** Data for review follows **

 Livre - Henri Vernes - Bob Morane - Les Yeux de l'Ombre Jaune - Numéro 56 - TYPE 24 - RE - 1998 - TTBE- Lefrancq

** End of Data for review **
** Data for review follows **

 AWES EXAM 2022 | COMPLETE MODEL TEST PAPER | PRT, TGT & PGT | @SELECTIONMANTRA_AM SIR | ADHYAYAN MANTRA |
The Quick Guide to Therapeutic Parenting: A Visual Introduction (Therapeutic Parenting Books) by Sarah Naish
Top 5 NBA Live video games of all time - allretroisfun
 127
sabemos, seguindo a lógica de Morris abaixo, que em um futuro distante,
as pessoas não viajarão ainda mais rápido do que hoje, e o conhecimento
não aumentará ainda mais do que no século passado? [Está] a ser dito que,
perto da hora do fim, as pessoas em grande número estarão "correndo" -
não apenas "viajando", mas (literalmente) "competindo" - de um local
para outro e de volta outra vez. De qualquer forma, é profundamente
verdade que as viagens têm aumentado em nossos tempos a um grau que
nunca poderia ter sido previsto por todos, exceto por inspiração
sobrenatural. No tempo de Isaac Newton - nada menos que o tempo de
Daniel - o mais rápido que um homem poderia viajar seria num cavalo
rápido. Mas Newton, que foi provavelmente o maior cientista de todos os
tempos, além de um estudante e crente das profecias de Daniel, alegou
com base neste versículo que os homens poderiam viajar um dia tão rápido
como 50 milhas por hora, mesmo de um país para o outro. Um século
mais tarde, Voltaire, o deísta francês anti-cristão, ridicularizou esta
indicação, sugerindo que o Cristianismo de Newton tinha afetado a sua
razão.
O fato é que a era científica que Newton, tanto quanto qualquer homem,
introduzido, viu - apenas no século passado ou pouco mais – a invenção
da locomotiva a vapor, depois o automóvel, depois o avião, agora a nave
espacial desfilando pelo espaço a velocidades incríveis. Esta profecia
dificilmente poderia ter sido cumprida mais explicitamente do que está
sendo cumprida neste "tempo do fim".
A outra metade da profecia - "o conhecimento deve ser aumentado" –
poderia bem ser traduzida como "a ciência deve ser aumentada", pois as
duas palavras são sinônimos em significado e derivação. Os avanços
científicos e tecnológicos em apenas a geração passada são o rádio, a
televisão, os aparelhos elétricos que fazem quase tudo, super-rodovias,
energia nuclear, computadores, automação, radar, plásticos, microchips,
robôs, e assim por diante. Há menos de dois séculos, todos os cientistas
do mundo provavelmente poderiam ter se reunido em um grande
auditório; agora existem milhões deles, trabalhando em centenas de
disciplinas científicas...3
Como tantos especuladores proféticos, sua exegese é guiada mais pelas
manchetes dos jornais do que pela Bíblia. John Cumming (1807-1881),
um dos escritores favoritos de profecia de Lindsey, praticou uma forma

** End of Data for review **

=== Task directions ===
Your answer should be the lines of the listing above between the line holding "televisão, os aparelhos" and the line holding "Como tantos especuladores", inclusive, restated word for word and alone.

=== Answer box ===
televisão, os aparelhos elétricos que fazem quase tudo, super-rodovias,
energia nuclear, computadores, automação, radar, plásticos, microchips,
robôs, e assim por diante. Há menos de dois séculos, todos os cientistas
do mundo provavelmente poderiam ter se reunido em um grande
auditório; agora existem milhões deles, trabalhando em centenas de
disciplinas científicas...3
Como tantos especuladores proféticos, sua exegese é guiada mais pelas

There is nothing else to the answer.